А у Морозова случилось. Верхняя площадка лестницы морозовского особняка отлично просматривалась снизу. Стоило распахнуть дверь парадной и поднять голову, как взгляду открывалась сказочная картина: голубая полоска моря, солнце, золотистый песок, фигурки играющих детей. Панно «Средиземное море» было своего рода обманкой: за настоящими колоннами – три отдельные полосы холста с нарисованным на них Боннаром южным пейзажем. Панно наклеили прямо на стену, а верхние углы слегка подрезали (мешали волюты ионических капителей). В очередной раз поднимаясь по мраморным ступеням, Иван Абрамович подумал, что одного «Средиземного моря» для лестницы недостаточно и на двух пустых стенах по бокам вполне поместится еще по большому панно. Новый заказ русского коллекционера отличавшийся медлительностью Боннар выполнял с невероятной скоростью.

Дени, Майоль, Боннар… Если бы не война, особняк на Пречистенке наверняка украсился бы еще одним панно, причем, как это ни покажется странным, щукинского любимца Матисса. Морозов уже строил планы на «большую декорацию», отправлял мэтру записки… Картины были заказаны, собственно, еще два года назад. Ждать так долго Морозову не приходилось никогда. Боннар, получивший заказ одновременно с Матиссом, уже написал два трехметровых панно – «Ранней весной в деревне» и «Осенью. Сбор фруктов», а Матисс за тот же срок сделал лишь набросок. Однако Морозов был готов ждать. Главное – результат. За это терпение его и прозвали «выжидатель шедевров». Зато когда полотна Матисса наконец-то прибыли на Пречистенку, заказчик был в полном восторге.

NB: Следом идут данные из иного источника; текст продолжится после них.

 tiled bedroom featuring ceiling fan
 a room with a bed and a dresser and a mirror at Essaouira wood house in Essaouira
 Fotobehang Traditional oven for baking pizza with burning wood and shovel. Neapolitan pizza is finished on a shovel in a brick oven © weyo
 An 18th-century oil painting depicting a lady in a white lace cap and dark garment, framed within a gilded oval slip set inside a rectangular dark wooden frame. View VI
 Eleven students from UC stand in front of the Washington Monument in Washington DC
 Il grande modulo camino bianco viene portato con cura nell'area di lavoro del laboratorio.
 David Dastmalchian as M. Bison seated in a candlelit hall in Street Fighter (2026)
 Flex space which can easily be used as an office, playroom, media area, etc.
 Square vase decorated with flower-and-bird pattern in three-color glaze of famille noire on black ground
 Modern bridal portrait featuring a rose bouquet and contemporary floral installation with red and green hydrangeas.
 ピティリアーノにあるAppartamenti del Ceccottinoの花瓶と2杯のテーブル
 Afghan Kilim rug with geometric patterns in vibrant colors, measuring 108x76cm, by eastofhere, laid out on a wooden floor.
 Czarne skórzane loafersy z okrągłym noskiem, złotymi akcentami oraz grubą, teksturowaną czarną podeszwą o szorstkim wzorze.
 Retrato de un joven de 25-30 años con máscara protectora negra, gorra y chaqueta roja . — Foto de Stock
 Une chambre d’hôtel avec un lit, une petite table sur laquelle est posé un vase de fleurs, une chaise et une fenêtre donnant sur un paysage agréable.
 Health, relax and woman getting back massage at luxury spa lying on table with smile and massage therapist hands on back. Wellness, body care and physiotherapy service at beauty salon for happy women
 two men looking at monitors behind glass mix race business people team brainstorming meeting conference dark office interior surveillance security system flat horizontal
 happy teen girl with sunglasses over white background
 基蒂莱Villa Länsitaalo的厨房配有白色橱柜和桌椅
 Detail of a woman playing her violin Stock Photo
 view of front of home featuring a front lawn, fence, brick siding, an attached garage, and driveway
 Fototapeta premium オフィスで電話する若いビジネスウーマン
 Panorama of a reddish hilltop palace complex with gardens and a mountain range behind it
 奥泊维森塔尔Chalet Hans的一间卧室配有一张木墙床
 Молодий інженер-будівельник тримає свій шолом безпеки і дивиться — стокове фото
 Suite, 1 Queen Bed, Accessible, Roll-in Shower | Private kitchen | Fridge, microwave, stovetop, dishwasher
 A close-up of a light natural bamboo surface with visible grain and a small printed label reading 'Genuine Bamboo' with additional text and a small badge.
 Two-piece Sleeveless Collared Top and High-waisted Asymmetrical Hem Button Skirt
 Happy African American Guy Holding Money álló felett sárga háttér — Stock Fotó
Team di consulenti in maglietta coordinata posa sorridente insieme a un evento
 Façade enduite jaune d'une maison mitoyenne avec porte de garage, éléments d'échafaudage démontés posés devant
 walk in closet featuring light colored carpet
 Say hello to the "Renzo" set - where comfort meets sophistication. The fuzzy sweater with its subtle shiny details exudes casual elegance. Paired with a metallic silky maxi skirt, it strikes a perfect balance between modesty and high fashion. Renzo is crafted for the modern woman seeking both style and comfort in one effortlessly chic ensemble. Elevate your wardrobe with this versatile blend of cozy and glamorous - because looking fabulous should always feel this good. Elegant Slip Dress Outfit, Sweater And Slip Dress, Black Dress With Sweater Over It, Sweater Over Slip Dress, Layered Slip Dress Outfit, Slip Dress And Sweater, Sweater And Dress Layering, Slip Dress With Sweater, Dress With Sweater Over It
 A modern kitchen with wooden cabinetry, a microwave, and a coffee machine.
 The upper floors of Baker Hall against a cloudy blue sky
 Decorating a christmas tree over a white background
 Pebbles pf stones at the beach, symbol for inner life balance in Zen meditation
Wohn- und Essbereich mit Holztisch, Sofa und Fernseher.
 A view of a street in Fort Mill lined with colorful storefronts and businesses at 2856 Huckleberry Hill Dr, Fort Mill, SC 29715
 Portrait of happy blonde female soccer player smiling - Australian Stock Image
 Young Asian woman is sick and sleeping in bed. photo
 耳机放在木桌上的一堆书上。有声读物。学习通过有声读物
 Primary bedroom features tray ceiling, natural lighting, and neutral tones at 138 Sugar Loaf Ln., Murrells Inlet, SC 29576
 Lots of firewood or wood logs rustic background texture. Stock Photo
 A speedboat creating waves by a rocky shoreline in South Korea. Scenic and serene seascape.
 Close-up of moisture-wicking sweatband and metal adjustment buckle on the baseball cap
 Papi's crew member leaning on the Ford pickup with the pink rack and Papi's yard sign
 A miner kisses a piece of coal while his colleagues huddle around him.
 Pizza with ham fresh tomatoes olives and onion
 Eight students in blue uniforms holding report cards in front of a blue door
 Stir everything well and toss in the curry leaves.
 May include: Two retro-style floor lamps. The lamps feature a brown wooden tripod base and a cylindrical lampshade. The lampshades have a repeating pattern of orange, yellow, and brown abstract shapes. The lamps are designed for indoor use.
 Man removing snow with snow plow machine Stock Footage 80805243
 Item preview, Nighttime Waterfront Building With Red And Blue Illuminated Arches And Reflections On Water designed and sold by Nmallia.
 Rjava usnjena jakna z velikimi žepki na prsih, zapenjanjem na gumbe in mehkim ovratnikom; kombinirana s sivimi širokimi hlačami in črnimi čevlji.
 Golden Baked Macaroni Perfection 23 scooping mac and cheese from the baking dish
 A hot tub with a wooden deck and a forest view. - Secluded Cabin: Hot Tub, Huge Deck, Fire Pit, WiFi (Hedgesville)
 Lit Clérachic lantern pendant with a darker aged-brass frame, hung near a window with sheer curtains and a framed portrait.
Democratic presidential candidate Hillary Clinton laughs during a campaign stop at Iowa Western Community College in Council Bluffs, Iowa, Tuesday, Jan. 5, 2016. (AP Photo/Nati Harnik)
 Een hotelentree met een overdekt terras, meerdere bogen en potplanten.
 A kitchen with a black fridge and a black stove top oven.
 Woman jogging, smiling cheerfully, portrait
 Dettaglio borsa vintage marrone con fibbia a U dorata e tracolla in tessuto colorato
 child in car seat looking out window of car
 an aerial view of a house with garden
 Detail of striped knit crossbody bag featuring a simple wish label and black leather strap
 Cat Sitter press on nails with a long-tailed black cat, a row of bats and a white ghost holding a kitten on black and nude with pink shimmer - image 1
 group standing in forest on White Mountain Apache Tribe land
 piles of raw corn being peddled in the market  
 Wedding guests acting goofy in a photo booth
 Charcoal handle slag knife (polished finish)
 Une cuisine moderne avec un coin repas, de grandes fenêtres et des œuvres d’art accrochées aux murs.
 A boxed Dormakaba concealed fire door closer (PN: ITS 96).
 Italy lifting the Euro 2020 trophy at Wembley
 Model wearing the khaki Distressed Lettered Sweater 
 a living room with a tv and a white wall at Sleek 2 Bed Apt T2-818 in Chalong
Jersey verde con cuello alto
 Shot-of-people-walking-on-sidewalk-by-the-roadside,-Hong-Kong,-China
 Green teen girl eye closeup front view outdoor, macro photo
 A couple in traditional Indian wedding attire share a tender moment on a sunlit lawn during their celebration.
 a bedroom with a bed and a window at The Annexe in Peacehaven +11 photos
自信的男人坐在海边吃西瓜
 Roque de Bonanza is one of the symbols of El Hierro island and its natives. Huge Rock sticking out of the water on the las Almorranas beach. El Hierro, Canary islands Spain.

Морозовский заказ, висевший над Матиссом дамокловым мечом больше года, художник сумел выполнить лишь во время второй поездки в Марокко: два пейзажа для мсье и картину для мадам. Евдокия Сергеевна, Дося, от себя лично сделала заказ (впервые!), пожелав иметь натюрморт. Правда, мэтр не отнесся к ее просьбе с должным вниманием и вместо натюрморта написал сидящую на террасе Зору. Арабская девушка из Танжера позировала Матиссу во время двух его поездок в Марокко. Когда в первый раз он начал писать Зору, в гостиницу явился ее брат и заставил француза прекратить сеансы. С женской натурой на Востоке дело обстояло непросто, и во второй раз Матиссу долго пришлось искать понравившуюся ему модель. Зору он нашел в публичном доме, что художника нисколько не расстроило, даже, напротив, обрадовало: мусульманские законы, запрещавшие женщинам показывать лицо, на проституток не распространялись.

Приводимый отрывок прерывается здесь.